This issue tracker has been migrated to GitHub, and is currently read-only.
For more information, see the GitHub FAQs in the Python's Developer Guide.

classification
Title: stat cache for import bootstrap
Type: performance Stage: resolved
Components: Versions: Python 3.5
process
Status: closed Resolution: rejected
Dependencies: Superseder:
Assigned To: Nosy List: Arfrever, barry, brett.cannon, christian.heimes, eric.snow, pitrou, r.david.murray, vstinner
Priority: normal Keywords: patch

Created on 2013-10-10 11:20 by christian.heimes, last changed 2022-04-11 14:57 by admin. This issue is now closed.

Files
File name Uploaded Description Edit
import_stat_cache.patch christian.heimes, 2013-10-10 11:20 review
Messages (17)
msg199378 - (view) Author: Christian Heimes (christian.heimes) * (Python committer) Date: 2013-10-10 11:20
The import library uses excessive stat() calls. I've implemented a simple cache for the bootstrap module that reduces the amount of stat() calls by almost 1/3 (236 -> 159 on Linux).
msg199385 - (view) Author: STINNER Victor (vstinner) * (Python committer) Date: 2013-10-10 13:34
See also #14604.
msg199387 - (view) Author: Antoine Pitrou (pitrou) * (Python committer) Date: 2013-10-10 14:07
Benchmarks?
msg199400 - (view) Author: Brett Cannon (brett.cannon) * (Python committer) Date: 2013-10-10 16:50
A cursory look at the patch suggests that the cache use is permanent and so any dynamic changes to a file or directory after an initial caching will not be picked up. Did you run the test suite with this patch as it should have failed.
msg199401 - (view) Author: Christian Heimes (christian.heimes) * (Python committer) Date: 2013-10-10 17:54
Is the content of the bootstrap module used after the interpreter is boot strapped? I see ... that's a problem. It's a proof of concept anyway and the speed up is minimal. On my computer with a SSD the speedup barely measurable. I'd like to see if it makes a difference on a Raspbarry Pi or a NFS shares

I have another idea, too. Could we add an optional 'stat' argument to __init__() of FileLoader and ExtensionFileLoader so we can pass the stat object around and reuse it for loading?
msg199410 - (view) Author: Brett Cannon (brett.cannon) * (Python committer) Date: 2013-10-10 20:34
importlib/_bootstrap.py is importlib, period, so there is no separation of what is used to start Python and what is used after interpreter startup is completed.

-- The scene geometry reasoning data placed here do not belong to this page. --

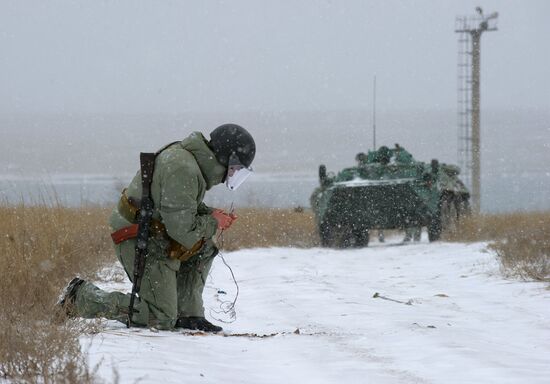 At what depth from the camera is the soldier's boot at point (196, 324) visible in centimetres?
683

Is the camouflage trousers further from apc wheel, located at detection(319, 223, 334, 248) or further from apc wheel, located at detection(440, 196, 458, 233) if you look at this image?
apc wheel, located at detection(440, 196, 458, 233)

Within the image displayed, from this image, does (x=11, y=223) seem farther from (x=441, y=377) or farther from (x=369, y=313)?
(x=441, y=377)

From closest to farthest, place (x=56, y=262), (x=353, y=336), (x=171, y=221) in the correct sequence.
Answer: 1. (x=171, y=221)
2. (x=353, y=336)
3. (x=56, y=262)

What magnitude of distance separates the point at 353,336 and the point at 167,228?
1390 mm

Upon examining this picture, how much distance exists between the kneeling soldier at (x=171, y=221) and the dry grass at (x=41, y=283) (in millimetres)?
452

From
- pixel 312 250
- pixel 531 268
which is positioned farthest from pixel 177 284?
pixel 312 250

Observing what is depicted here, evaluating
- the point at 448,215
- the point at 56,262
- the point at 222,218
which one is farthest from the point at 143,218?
the point at 448,215

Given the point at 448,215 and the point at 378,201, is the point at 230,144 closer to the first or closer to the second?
the point at 378,201

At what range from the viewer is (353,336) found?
21.6 ft

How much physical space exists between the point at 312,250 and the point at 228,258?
10.4 ft

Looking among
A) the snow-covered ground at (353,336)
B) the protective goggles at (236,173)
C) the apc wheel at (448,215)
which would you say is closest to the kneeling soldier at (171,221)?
the protective goggles at (236,173)

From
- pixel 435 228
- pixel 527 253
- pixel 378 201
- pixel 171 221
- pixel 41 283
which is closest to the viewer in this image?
pixel 171 221

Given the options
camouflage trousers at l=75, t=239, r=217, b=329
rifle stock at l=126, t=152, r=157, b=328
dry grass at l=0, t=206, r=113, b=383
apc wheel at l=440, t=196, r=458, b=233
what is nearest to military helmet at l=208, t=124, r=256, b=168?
rifle stock at l=126, t=152, r=157, b=328

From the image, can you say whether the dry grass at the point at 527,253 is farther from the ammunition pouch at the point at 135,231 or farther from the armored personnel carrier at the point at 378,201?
the ammunition pouch at the point at 135,231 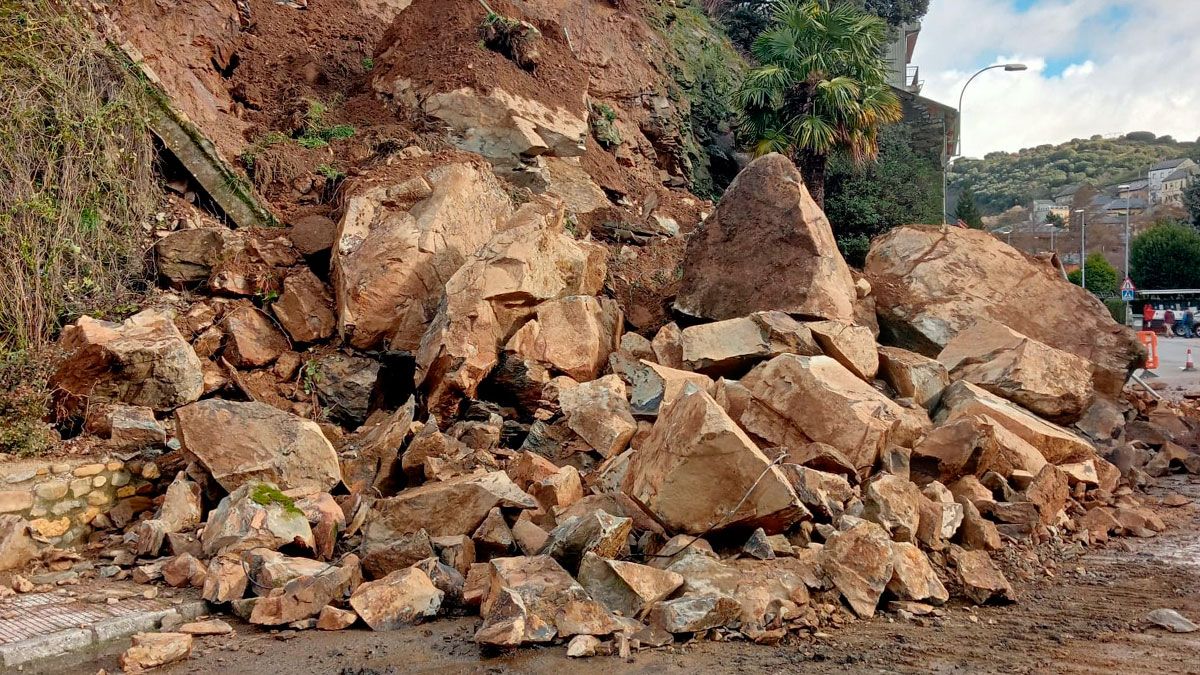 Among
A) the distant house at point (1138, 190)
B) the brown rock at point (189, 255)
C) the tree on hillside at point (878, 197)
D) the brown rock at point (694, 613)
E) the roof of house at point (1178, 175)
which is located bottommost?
the brown rock at point (694, 613)

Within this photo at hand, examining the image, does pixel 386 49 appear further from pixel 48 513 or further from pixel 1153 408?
pixel 1153 408

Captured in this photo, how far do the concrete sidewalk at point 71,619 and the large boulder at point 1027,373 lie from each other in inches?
257

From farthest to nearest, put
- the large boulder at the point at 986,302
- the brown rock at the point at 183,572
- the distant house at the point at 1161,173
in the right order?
the distant house at the point at 1161,173 → the large boulder at the point at 986,302 → the brown rock at the point at 183,572

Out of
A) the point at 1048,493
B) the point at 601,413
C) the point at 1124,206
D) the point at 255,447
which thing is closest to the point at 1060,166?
the point at 1124,206

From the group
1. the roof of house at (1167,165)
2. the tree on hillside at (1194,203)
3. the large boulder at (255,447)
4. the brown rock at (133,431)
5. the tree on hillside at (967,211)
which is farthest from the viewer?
the roof of house at (1167,165)

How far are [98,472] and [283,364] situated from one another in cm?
199

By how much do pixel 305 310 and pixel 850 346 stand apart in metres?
5.00

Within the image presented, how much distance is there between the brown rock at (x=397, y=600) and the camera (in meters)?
4.18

As for adding a 'stat' argument to the loaders, it's possible but as always it comes down to whether it will break someone or not. Since loaders do not necessarily execute immediately you are running the risk of a very stale cached stat object. Plus Eric Snow has his PEP where the API in terms of loader __init__ signature so you would want to look into that.
msg199424 - (view) Author: Eric Snow (eric.snow) * (Python committer) Date: 2013-10-10 22:11
With ModuleSpec (PEP 451), the finder creates the spec object (where it stores the loader).  At that point the finder is free to store any stat object you like in spec.loader_state.  The spec is made available to the loader during exec (if the loader supports it, which the importlib loaders will).  So there is no need to add anything to any loader __init__.

The only catch is the slim possibility that the stat object will be stale by the time it gets used.  I seem to remember a case where something like this happened (related to distros building their system Python or something).
msg199430 - (view) Author: Eric Snow (eric.snow) * (Python committer) Date: 2013-10-11 00:53
For interpreter startup, stats are not involved for builtin and frozen modules[1].  They are tied to imports that involve traversing sys.path (a.k.a. PathFinder).  Most stats happen in FileFinder.find_loader.  The remainder are for source (.py) files (a.k.a. SourceFileLoader).

Here's a rough sketch of what typically happens currently during the import of a path-based module[2], as related to stats (and other FS access):

(lines with FS access start with *)

def load_module(fullname):
    suffixes = ['.cpython-34m.so', '.abi3.so', '.so', '.py', '.pyc']
    tailname = fullname.rpartition('.')[2]
    for entry in sys.path:
*       mtime = os.stat(entry).st_mtime
        if mtime != cached_mtime:
*           cached_listdir = os.listdir(entry)
        if tailname in cached_listdir:
            basename = entry/tailname
*           if os.stat(basename).st_mode implies directory:  # superfluous?
                # package?
                for suffix in suffixes:
                    full_path = basename + suffix
*                   if os.stat(full_path).st_mode implies file:
                        if is_extension:
*                           <dlopen>(full_path)
                        elif is_sourceless:
*                           open(full_path).read()
                        else:
                            load_from_source(full_path)
                        return
        # ...non-package module?
        for suffix in suffixes:
            full_path = entry/tailname + suffix
            if tailname + suffix in cached_listdir:
*               if os.stat(full_path).st_mode implies file:  # superfluous?
                    if is_extension:
*                       <dlopen>(full_path)
                    elif is_sourceless:
*                       open(full_path).read()
                    else:
                        load_from_source(full_path)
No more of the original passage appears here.